Flash forward to 2015: my sister is doing genealogy work on the family. She finds out not only did my biological grandfather not die in 1961, he died in 2005. And, he had five more daughters, one of which he gave the same name as my mom. My mom got cheated out of a potential relationship with her dad by her liar of a mom (who moved and remained hidden from her ex, my mom's real dad).
My grandmother moved down to Texas from Virginia to stay in a nursing home, and basically make my mom and dad's life awful. We went to visit one weekend and she came over for dinner. I dropped the bomb on her that we'd figured out she'd been full of IT for 50 years and she then had the nerve to act offended. My dad told her to get out."

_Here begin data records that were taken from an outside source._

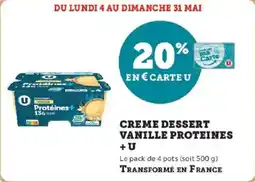 Super U Creme dessert vanille proteines +u offre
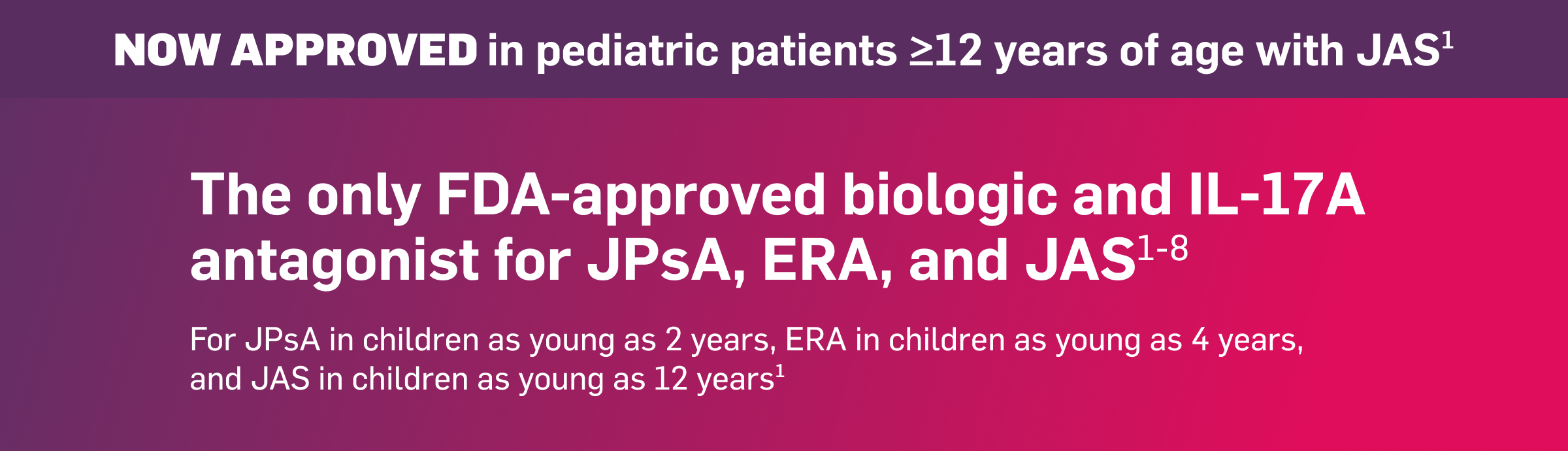 NOW APPROVED in pediatric patients ≥12 years of age with JAS. The only FDA-approved biologic and IL-17A antagonist for JPsA, ERA, and JAS. For JPsA in children as young as 2 years, ERA in children as young as 4 years, and JAS in children as young as 12 years.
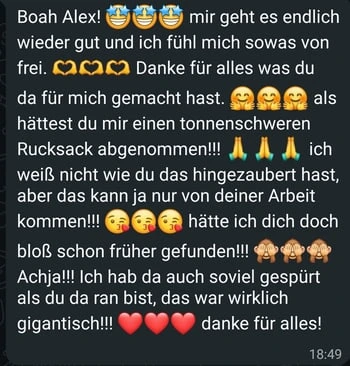 WhatsApp-Nachricht an Alex: Mir geht es endlich wieder gut und ich fühle mich so frei – als hätte er mir einen tonnenschweren Rucksack abgenommen.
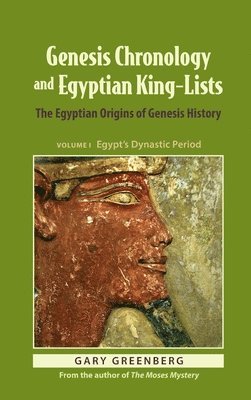Genesis Chronology and Egyptian King-Lists 1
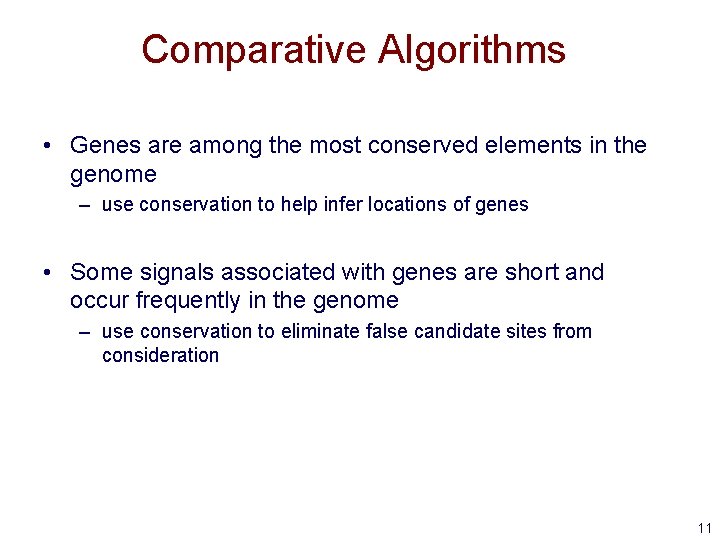 Comparative Algorithms • Genes are among the most conserved elements in the genome –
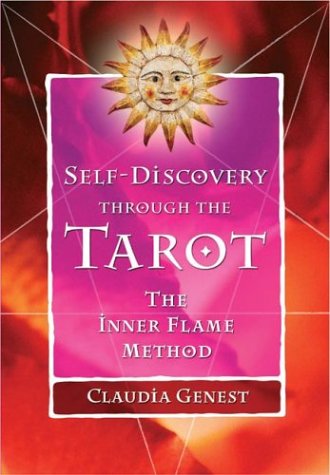 Self-Discovery Through the Tarot: The Inner Flame Method (9781844090211) by Genest, Claudia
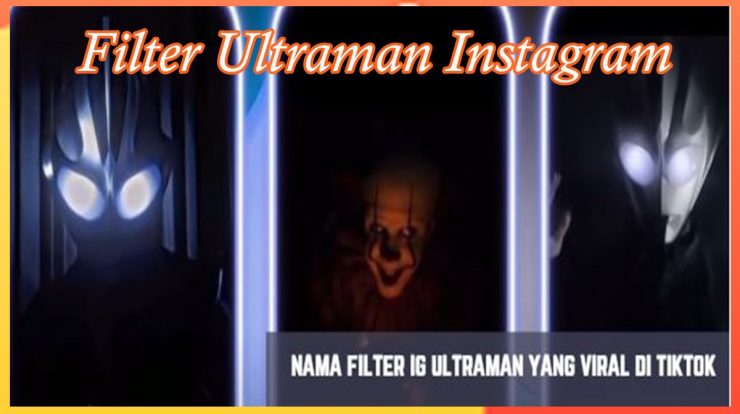 Filter IG Ultraman Viral Berikut Nama dan Cara Mendapatkan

"A paternal great uncle of mine (we'll call him 'A') died when I was five. It was a closed casket funeral, and I remember asking why. My mom told me it was because he was shot.
Skip forward to my late teens: I learn that A committed suicide with a weapon outside a bar one night because he thought the police were after him. The weapon was never recovered by the police. This bar happened to be owned by my maternal aunt's ex husband J.
Skip again to 22: A's brother B was accused of possessing child photos and touching a minor. I expressed my complete shock to my mom, who seemed pretty unfazed. She told me she and some other family members had long-held suspicions that A and B were 'alike' in certain ways.
A touched one of his niece's friends. A was somehow tipped off that the police were going to arrest him for child touching and shot himself. After calling the police, J called my dad to give him the heads up about what happened; there was obviously some sort of conversation about the weapon, because J stole the weapon from the crime scene and met with my dad that same night to give it to him. The weapon is some sort of family heirloom from WWII that had belonged to my great grandfather. J stole it so the weapon would stay in the family instead of being put away in an evidence locker.
B is currently in prison where he will die before serving out his sentence."